For the Ragtag Daily Prompt: slapdash. I can’t think of a photograph of something I want to call slapdash. It feels judgemental today, unless it’s something of mine, and that feels vulnerable. And then I start thinking about the sky…..
This is Ruth Merenda, one of the many brilliant faculty, from a Centrum Voiceworks class this week.
Ruthie was at Voiceworks with her husband Mike and two children. I got to trade jokes with their son William at lunch one day. I am listening to their newest album as I write this, Sunshiner. It’s good that only really hear the faculty near the end of the week, because we would be WAY too intimidated if they did the concerts at the start! William has an album too, Piano Nerd, that I have not tracked down yet. He was seven when he made it.

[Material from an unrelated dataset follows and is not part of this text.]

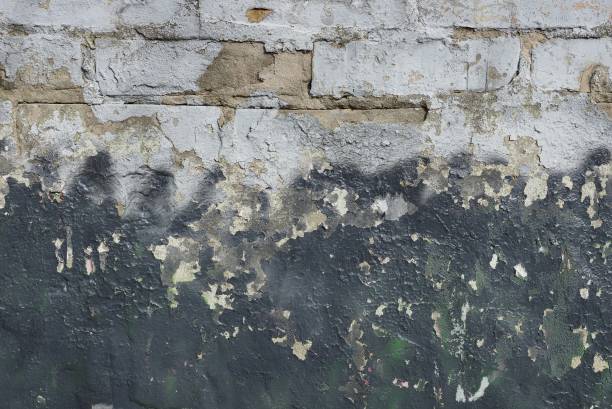 istock texture of black shabby stucco and gray bricks 1212026946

I took the first class of the week with Michael, his Song Doctor class. We each brought a song with problems to the class and sang it to the class. I did that class first because it was hands down no holds barred the scariest, so I thought best to get it over with. I sang Tree Boat a capella. The feedback I got makes me very happy, but the assignment is hard: now I have to learn guitar. Or mandolin. Or something. Accompaniment. Also it’s not my song alone: I wrote the poem but not the melody.
I took two classes with Ruthie. One was on music theory and chords. The other was a performance feedback class.
I had a rather surreal moment in that class. Ruthie has us close our eyes and visualize a protective sphere of energy around us. Now, I’ve been writing about trying to lose my armor suit. So WHAT am I to do with a protective sphere of energy? I thought of my story Good Girl and that gave me my answer. My protective sphere moved outwards, the entire universe. I visualize that protection as holding everyone in the room, gently, lovingly. My protective sphere is my connection to the Beloved and the Beloved’s entire universe and anything beyond that. And then I could do the visualization.
Blessings on Mike and Ruth and their children and on all of the teachers at Voiceworks. The week brought me tears of joy over and over and over: and tears of grief and tears of hope.